4 館同時展示! 水族館生まれのフクロクジュクラゲ!

本日( 7月 2日)より、クラゲサイエンスで特別なクラゲを展示しています。その名もフクロクジュクラゲ。傘は縦長の直方体に近い形をしており、長頭の福の神である「福禄寿」に似ていることから名前が付けられました。知る人ぞ知るこのレアクラゲは、夏になると海水浴場に出てくるアンドンクラゲなどが属する箱虫綱のクラゲです。

傘高が最大 10cmほどにまで成長し、秋ごろになるとお隣の駿河湾で稀に採集できることがあります。えのすいでも何度か展示したことがあるのですが、成体を飼育することはとても難しく、いずれも数日の展示となってしまいました。

さて、本日から展示しているフクロクジュクラゲは現在 1cmほど。実は、福山大学マリンバイオセンター水族館(広島県)・鶴岡市立加茂水族館(山形県)・九十九島水族館海きらら(長崎県)のみなさまと一緒に「世界初の水族館生まれのフクロクジュクラゲ」として、きょうから 4館で同時に展示を始めたものなのです! みなさまにぜひ見ていただきたいクラゲですので、ぜひ日誌で紹介させてください。

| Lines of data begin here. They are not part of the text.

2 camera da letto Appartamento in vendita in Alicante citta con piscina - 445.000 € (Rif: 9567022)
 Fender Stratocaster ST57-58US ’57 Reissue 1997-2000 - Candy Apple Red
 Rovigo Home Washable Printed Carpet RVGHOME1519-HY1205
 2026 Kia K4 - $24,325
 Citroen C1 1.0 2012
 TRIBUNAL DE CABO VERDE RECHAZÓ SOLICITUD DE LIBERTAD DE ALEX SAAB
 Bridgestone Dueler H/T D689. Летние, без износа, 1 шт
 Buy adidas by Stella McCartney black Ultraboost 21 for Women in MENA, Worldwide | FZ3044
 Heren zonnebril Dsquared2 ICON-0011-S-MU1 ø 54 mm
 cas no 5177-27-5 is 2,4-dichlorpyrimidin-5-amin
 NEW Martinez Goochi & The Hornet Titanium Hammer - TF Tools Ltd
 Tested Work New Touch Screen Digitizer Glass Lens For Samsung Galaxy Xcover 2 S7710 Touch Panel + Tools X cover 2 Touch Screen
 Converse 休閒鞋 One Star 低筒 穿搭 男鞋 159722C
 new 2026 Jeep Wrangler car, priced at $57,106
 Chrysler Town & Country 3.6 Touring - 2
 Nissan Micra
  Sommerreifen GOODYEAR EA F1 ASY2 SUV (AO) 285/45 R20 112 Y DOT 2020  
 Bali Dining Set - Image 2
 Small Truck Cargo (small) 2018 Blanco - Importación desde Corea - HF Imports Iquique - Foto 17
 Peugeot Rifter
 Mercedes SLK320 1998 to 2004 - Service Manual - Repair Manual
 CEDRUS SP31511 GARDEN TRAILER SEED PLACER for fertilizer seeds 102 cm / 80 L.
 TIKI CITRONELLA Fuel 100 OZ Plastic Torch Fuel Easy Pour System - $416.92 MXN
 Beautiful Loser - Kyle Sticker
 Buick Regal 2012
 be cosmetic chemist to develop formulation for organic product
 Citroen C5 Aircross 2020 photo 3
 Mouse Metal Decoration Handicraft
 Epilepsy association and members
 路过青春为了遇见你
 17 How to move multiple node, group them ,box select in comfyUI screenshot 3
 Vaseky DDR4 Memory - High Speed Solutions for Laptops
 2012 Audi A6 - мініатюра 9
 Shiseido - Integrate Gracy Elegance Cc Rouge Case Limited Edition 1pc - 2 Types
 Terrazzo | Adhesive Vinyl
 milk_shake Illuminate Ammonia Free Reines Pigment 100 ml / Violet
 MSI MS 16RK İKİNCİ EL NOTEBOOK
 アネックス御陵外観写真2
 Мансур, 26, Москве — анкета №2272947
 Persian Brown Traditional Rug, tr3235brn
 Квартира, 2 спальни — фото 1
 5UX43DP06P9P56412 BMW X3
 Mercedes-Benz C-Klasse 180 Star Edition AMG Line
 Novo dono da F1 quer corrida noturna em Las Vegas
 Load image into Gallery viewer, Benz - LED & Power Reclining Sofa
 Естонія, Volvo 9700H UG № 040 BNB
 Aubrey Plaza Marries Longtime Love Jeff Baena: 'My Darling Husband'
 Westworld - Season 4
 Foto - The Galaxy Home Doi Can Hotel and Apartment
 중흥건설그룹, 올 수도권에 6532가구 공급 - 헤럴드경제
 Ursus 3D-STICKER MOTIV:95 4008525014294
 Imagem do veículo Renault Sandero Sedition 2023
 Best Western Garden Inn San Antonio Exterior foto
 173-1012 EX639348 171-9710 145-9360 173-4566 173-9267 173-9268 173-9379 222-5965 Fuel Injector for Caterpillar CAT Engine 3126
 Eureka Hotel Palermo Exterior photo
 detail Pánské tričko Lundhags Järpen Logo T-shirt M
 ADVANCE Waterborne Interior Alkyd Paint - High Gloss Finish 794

今年の 3月、普段クラゲ研究でお世話になっている福山大学の泉さんから突然「フクロクジュっぽい謎のポリプ送っていい?」と連絡が来ました。どうやら、福山大学の内海生物資源研究所にある水槽の濾過槽(水をきれいにするところ)のろ材にポリプがついており、謎のクラゲがたくさん発生していたようです。「フクロクジュ!? ぜひ!」と送ってもらったのがこちら。

届いたポリプはとても状態が良く、触手をすらっと伸ばしています。輸送の刺激によって、えのすいに到着した時にはすでにクラゲが遊離しておりました。

こちらが遊離したてのクラゲ。
よく泳ぎます。大きさは 1mmくらいで、傘の表面には粒々があり、触手はとても短いです。普段クラゲを扱っている私たちからすると、見るからに「箱虫綱のクラゲだな」という印象ですが、種までは全然わかりません。泉さんから加茂水族館や九十九島水族館にも同じようポリプが送られましたので、何℃で飼育する? 餌はどうする? と、相談しながら育ててみることにしました。

基本的に暖かい水温(25℃くらい)で育てるクラゲは成長が早いのですが、このクラゲはすごーくゆっくりの印象です。ポリプをいただいてから約 3か月、毎日餌をあげてようやく 1cmくらいにまで成長してくれました。

時を同じくして、この謎のクラゲの正体を確かめるべく、こちらもいつもお世話になっている黒潮生物研究所の戸篠さんによって遺伝子解析が、福山大学の泉さんによって成長したクラゲの形態観察が行われました。そしてようやく、このクラゲが「フクロクジュクラゲ」だと分かったのです。このお二人はもともと小さいクラゲを見て「フクロクジュっぽい」と言っていたので、大当たりだったわけですね。さすが…!

世界的にみても本種の情報は乏しく、ポリプや稚クラゲの情報は古い文献に断片的な形態の記述があるのみです。飼育下で生まれたフクロクジュクラゲの展示はもちろん「世界初!」ということで、当館と先の 2館、そして福山大学の内海生物資源研究所内にあるマリンバイオセンター水族館をあわせた 4館みんなで同時に展示をしよう! となったわけです。大学と研究機関、そして水族館がそれぞれの“強み”を活かしたからこそ実現した展示… なんて最高なことでしょう。

まだ成長途中なので、「この部分がフクロクジュクラゲの特徴!」と言うのが難しいのですが、ただでさえ珍しい本種の幼い状態を見ることができるのはある意味すごいことだと思います! 私たちと一緒に成長のようすを観察していきましょう。ぜひ「えのすい生まれのフクロクジュクラゲ」をご覧ください!

最後になりますが、今回お世話になった福山大学の泉さん・水上さん・佛円さん、黒潮生物研究所の戸篠さん、加茂水族館の池田さん、九十九島水族館の野添さん・今村さんに、この場をお借りしてお礼申しあげます。貴重なクラゲを展示する機会をいただき、本当にありがとうございました。何より普段お世話になっている気心の知れたみなさまと一緒に展示できたことがうれしかったです! 今後ともよろしくお願いいたします!